In his test, Waldek implements Where() as follows:
public static IEnumerable<SPListItem> Where(this SPListItemCollection items, Func<SPListItem, bool> predicate) { List<SPListItem> list = new List<SPListItem>(); foreach (SPListItem item in items) if (predicate(item)) list.Add(item); return list; }
This works as expected, but allocates a secondary data structure to store the filtered items. The preferred approach is to use the yield return
syntax:
public static IEnumerable<SPListItem> Where(this SPListItemCollection items, Func<SPListItem, bool> predicate) { foreach (SPListItem item in items) if (predicate(item)) yield return item; }
The actual IL this generates is too complex to go into here, but I highly suggest checking it out in Reflector. In short, the compiler creates a private class that provides a filtered enumerator without actually building an intermediate data structure, instead filtering in MoveNext(). Using yield also defers execution until the collection is actually enumerated, though I can’t think of a SharePoint example where this would actually matter.

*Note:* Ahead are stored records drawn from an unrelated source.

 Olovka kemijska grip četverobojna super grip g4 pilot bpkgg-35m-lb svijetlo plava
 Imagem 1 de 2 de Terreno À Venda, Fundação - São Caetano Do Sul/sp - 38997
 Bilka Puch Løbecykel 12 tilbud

Another alternative, which also defers execution, is to leverage LINQ’s Cast<T>() operator and LINQ’s IEnumerable<T>.Where():
public static IEnumerable<SPListItem> Where(this SPListItemCollection items, Func<SPListItem, bool> predicate) { return items.Cast<SPListItem>().Where(predicate); }
I imagine the compiler would optimize the yield-generated class in much the same way it optimizes LINQ’s internal implementation, but I will leave that research for a later date. It would also be interesting to compare the performance between the different implementations, though in a SharePoint context I expect the difference would be insignificant compared with the more expensive operations needed to retrieve the data.
The Problem with IDisposable
In my previous post, I suggested a Dispose-safe implementation of SPWebCollection.ForEach(), which Waldek leveraged for his Where implementation. Presumably because he was concerned about leaking SPWebs, his Where() implementation just returns a list of the web IDs. While avoiding leaks is smart, an ID isn’t nearly as useful as the full SPWeb and opening a new SPWeb from the ID is an expensive operation. What if I wanted a filtered enumeration of the SPWeb objects?

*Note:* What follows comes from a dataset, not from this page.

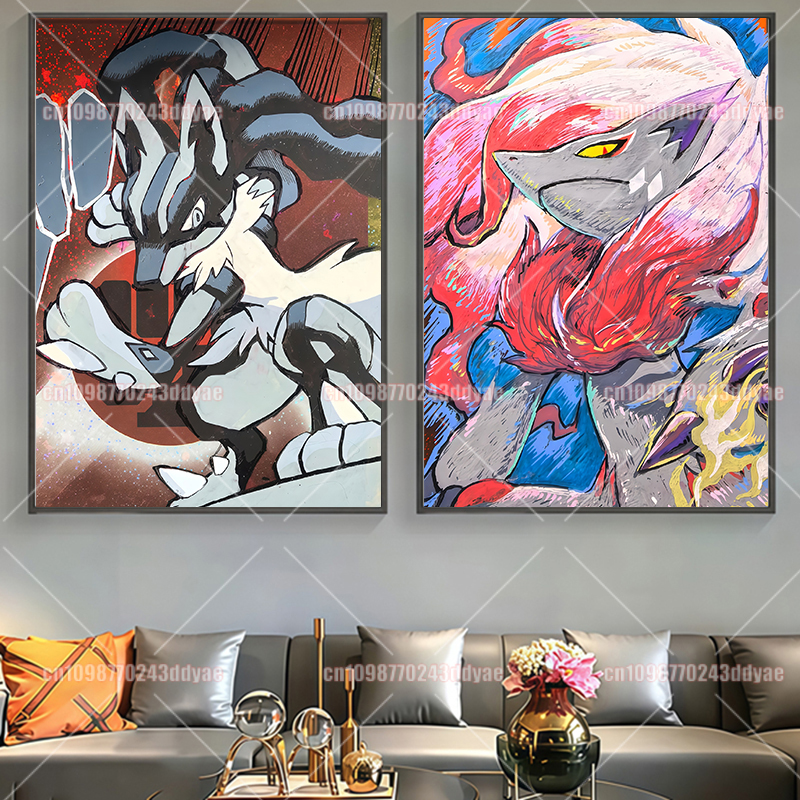 Pokémon Poster Canvas Print Tr - огляд і ціна Canvas Painting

Well if we use one of the patterns described above, we should be safe if we call Dispose() for each when we’re done, right? I probably wouldn’t bother asking if there weren’t a catch, so I’ll answer my question with another question: When would Dispose() be called on the webs for which the predicate is false? It wouldn’t! To prevent these leaks, we need to be a bit more sophisticated:
public static IEnumerable<SPWeb> Where(this SPWebCollection webs, Func<SPWeb, bool> predicate) { foreach (SPWeb web in webs) if (predicate(web)) yield return web; else web.Dispose(); }
Or using Cast<T>():
public static IEnumerable<SPWeb> Where(this SPWebCollection webs, Func<SPWeb, bool> predicate) { return webs.Cast<SPWeb>().Where(w => { bool r = predicate(w); if (!r) w.Dispose(); return r; }); }
Again, a detailed IL investigation would likely prove one preferable to the other, but the principle is the same.
Finally, since caller-dependent disposal is unreliable and delegates are fun, I figure we could use a Dispose-safe filtered ForEach:
public static void ForEach(this SPWebCollection webs, Action<SPWeb> action, Func<SPWeb, bool> predicate) { foreach (SPWeb web in webs.Where(predicate)) { action(web); web.Dispose(); } }
Which would let us do something like this to print all publishing sites in a collection:
site.AllWebs.ForEach( w => { Console.WriteLine(w.Title); }, w => { return w.Features.Contains(FeatureIds.OfficePublishingWeb); } );
That is, if we define yet another useful, if simple, extension method:
public static bool Contains(this SPFeatureCollection features, Guid featureID) { return features[featureID] != null; }
And a final note: why did the LINQ team use Func<T, bool> instead of Predicate<T>, which has existed since .NET 2.0?